Jovem casal sem-abrigo, ela grávida do seu segundo filho, está a chocar o povo português

Filipa tem 24 anos e começou a dormir na rua grávida do seu segundo filho. Filipe foi sem-abrigo pela primeira vez aos 14 anos. Uma história de amor onde só mora o desamparo
Filipa é uma rapariga bonita, de longos cabelos loiros, unhas primorosamente arranjadas. Encontramo-la no NAL – Núcleo de Apoio Local de Arroios, onde os sem-abrigo vão procurar uma refeição quente, servida pela associação CASA, em condições mais dignas do que comer na rua – ali tomam a refeição sentados à mesa, como se estivessem numa cantina.

Filipa tem 24 anos e está com Filipe, 25, o amor da sua vida. Por ele deixou o pai dos seus dois filhos – de 3 e 5 anos -, mas não encontrou abrigo nem apoio na casa da mãe. As relações nunca foram as melhores, sobretudo depois da vinda deste padrasto que a importuna. “A minha mãe fica sempre do lado dele, contra mim”, contou-nos para uma reportagem que pode ler na VISÃO que está nas bancas, onde relatamos a primeira noite na rua de seis sem-abrigo.
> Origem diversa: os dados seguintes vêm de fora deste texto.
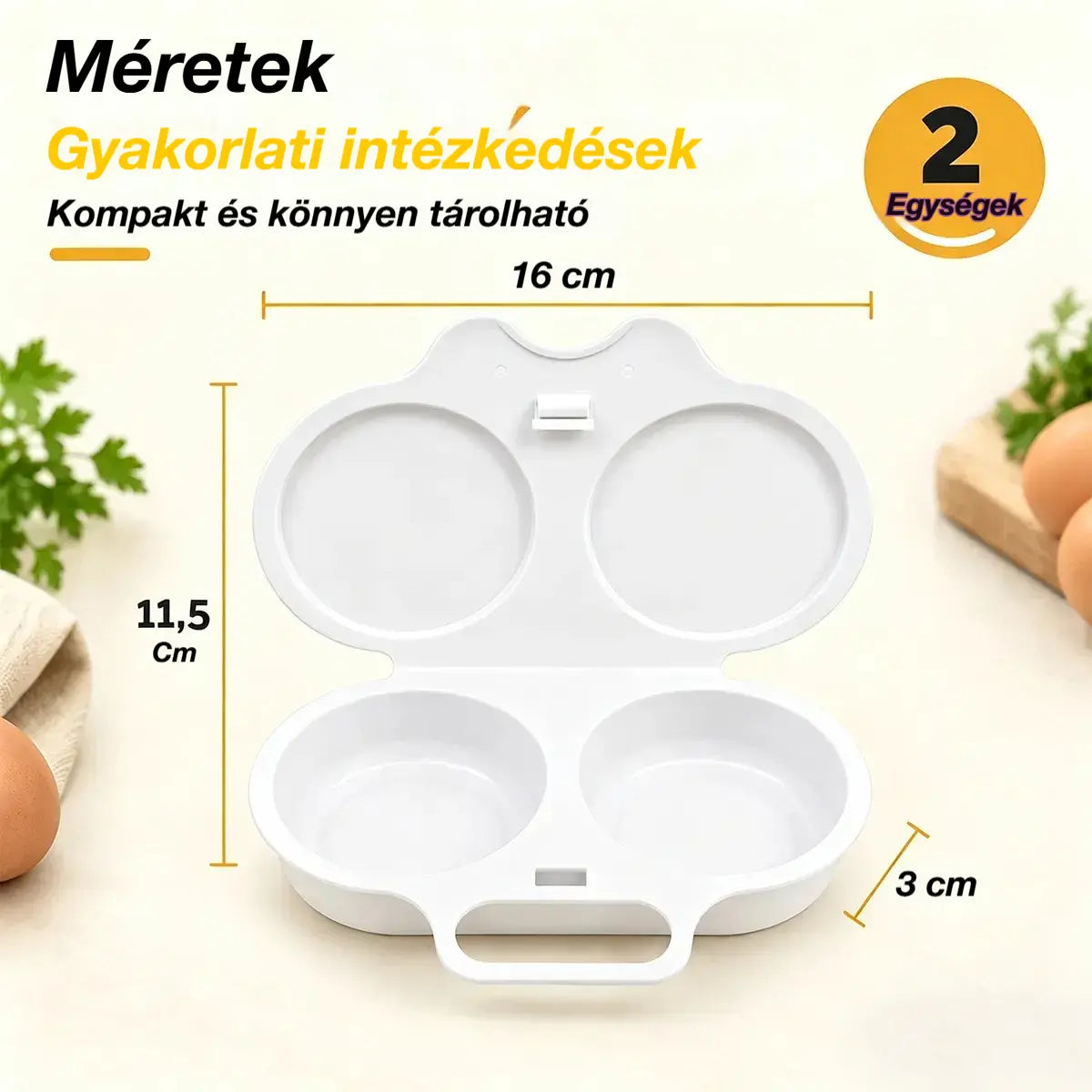 🎁2 darab 7200  Ft💥Mikrohullámú tojásfőző: dupla üregű, tapadásmentes és könnyen tisztítható.🏠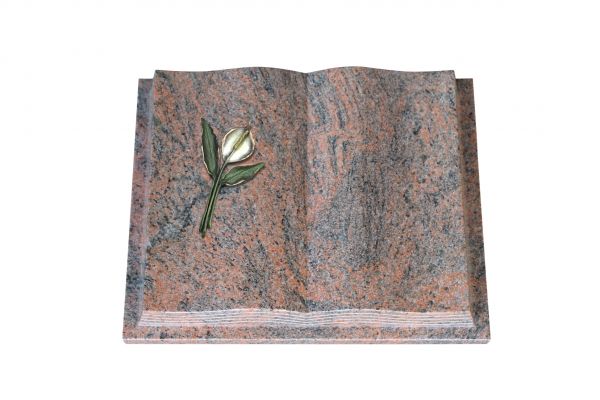 Grabbuch, Multicolor Granit, 60cm x 45cm x 10cm, inkl. Calla aus Bronze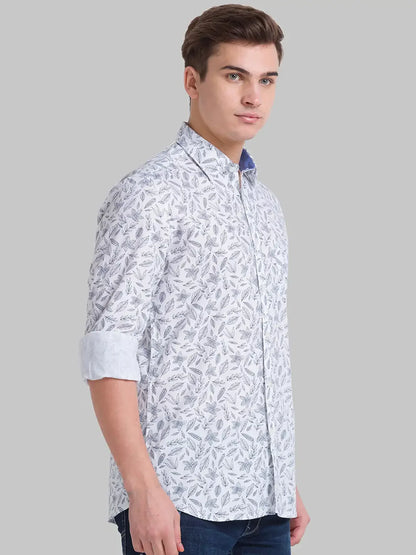 Men White Slim Fit Print Cotton Full Sleeve Shirts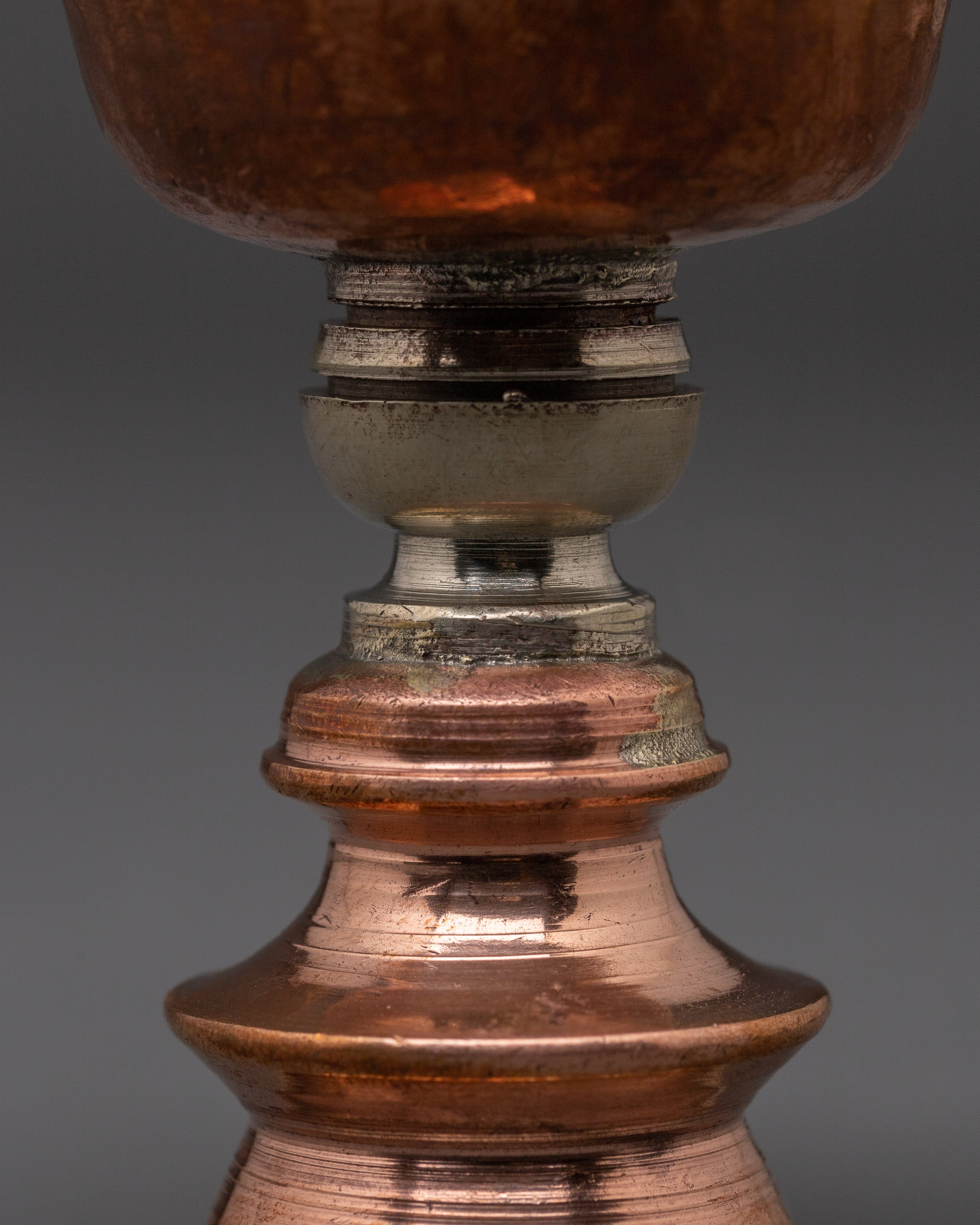 Altar Butter Lamp Set | Handcrafted Copper Ritual Lamps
Deixou os filhos com o pai deles (e o mais novo entregou-o tinha ele apenas três meses) e começou, com Filipe, uma vida nova, à procura de estabilidade. Mas está longe de a alcançar. Nem todos os meses é possível alugar um quarto, nem todos as noites conseguem dormir em casa de familiares ou amigos, e nesse entretanto montam uma tenda em Telheiras, “zona fina”, como nota a rapariga.

O chão é duro, faltam-lhes mantas e almofadas, mas Filipe não deixa de se levantar às seis da manhã para começar uma jornada de trabalho. Tinha uma bicicleta emprestada, não elétrica, e com ela subia e descia as colinas da capital a entregar comida ao domicílio, através de uma dessas empresas tecnológicas que enchem as ruas da cidade. Mas já nem essa bicicleta tem.

Outras vezes ganha dinheiro entregando publicidade porta a porta. Tinha 14 anos quando resolveu sair do lar paterno e seguir um irmão mais velho, que vivia numa casa abandonada em Algés. Tinha sido retirado aos pais por ter deixado a escola (tem apenas a quarta classe), mas fugia do colégio sempre que podia e a polícia ia encontrá-lo de novo junto aos progenitores.

Filipe conhece bem as leis das ruas; Filipa diz-se uma ingénua. Pede dinheiro e vai a entrevistas de emprego, mas uma mulher sem-abrigo tem muito com que se preocupar. Primeiro porque há homens que a vendo a pedir acham que ela pode fazer qualquer coisa em troca de 10 ou 20 euros. Assediam-na permanentemente. É Filipe quem a protege. “Sozinha não seria capaz de viver na rua”, garante a rapariga.

Depois há aquelas alturas do mês, quando está menstruada, em que não havendo dinheiro para os pensos, se tornam um grande problema. Filipa corre os balneários públicos à procura de um que esteja aberto para poder tomar banho.

Filipa espanta-se por haver pessoas que mais facilmente lhe dão cigarros do que dinheiro. “Talvez pensem que é para gastar na droga”, tentamos uma explicação. “Não somos disso. O nosso único vício é o tabaco”, sublinha.

“Esta noite vai chover”, teme Filipe, a duvidar da resistência daquela tenda mini. O inverno traz problemas a dobrar para quem está na ruas. O frio e a chuva tornam-nos ainda mais desamparados, eles que o são também por dentro. Na base das histórias dos sem-abrigo estão, geralmente, os maus-tratos, a violência, o desamor e uma imensa falta de afetos no seio familiar.

Filipa e Filipe quiseram começar uma história de amor. Contra tudo e contra todos. Numa luta que se agiganta, que parece maior do que eles, mas que o casal vai levando, ainda que por vezes faltem as forças. “Um dia de cada vez”, como diz Filipa.